### TRY IT
Set every record down again exactly. Do not carry over the pictures.

### TASK INPUTS
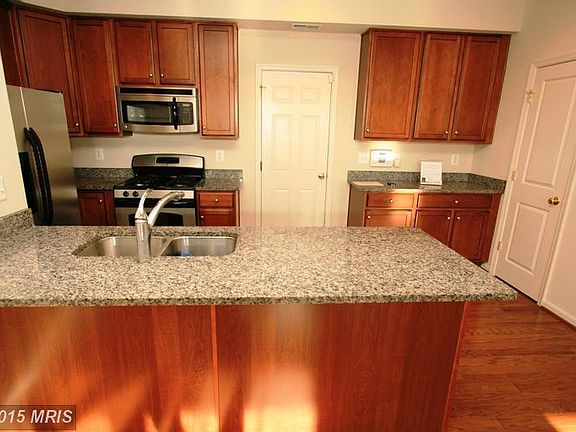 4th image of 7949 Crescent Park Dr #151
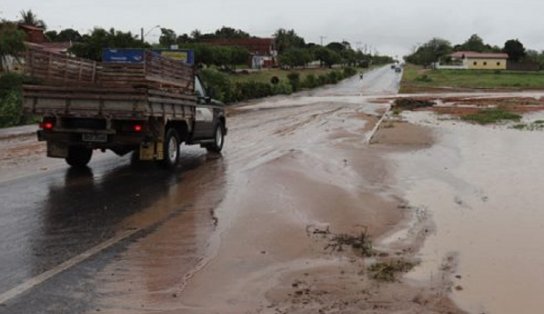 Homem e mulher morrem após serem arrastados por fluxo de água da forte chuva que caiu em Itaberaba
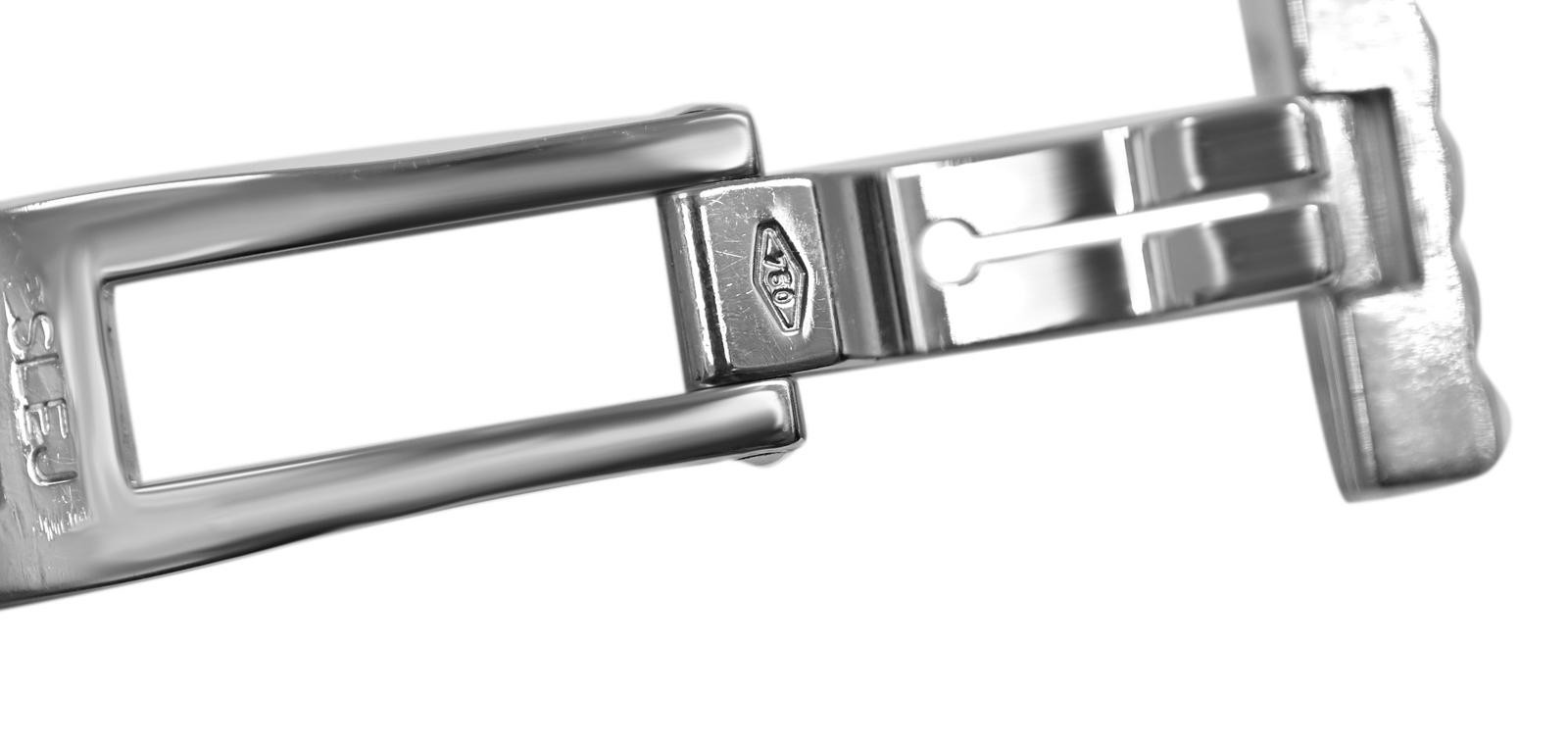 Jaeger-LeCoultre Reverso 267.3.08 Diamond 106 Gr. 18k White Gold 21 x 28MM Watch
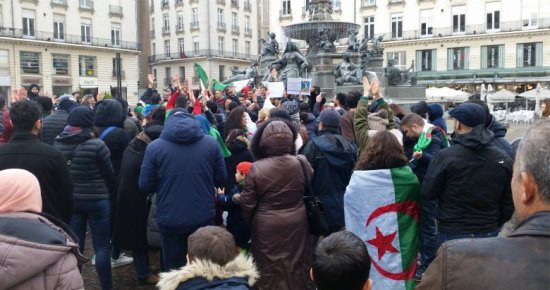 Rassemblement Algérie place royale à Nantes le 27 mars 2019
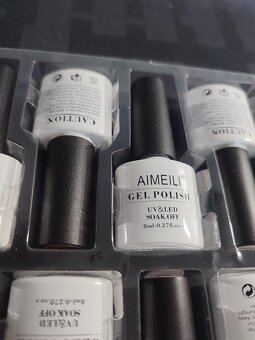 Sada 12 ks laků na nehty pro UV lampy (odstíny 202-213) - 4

### SOLVED EXERCISE
 4th image of 7949 Crescent Park Dr #151
 Homem e mulher morrem após serem arrastados por fluxo de água da forte chuva que caiu em Itaberaba
 Jaeger-LeCoultre Reverso 267.3.08 Diamond 106 Gr. 18k White Gold 21 x 28MM Watch
 Rassemblement Algérie place royale à Nantes le 27 mars 2019
 Sada 12 ks laků na nehty pro UV lampy (odstíny 202-213) - 4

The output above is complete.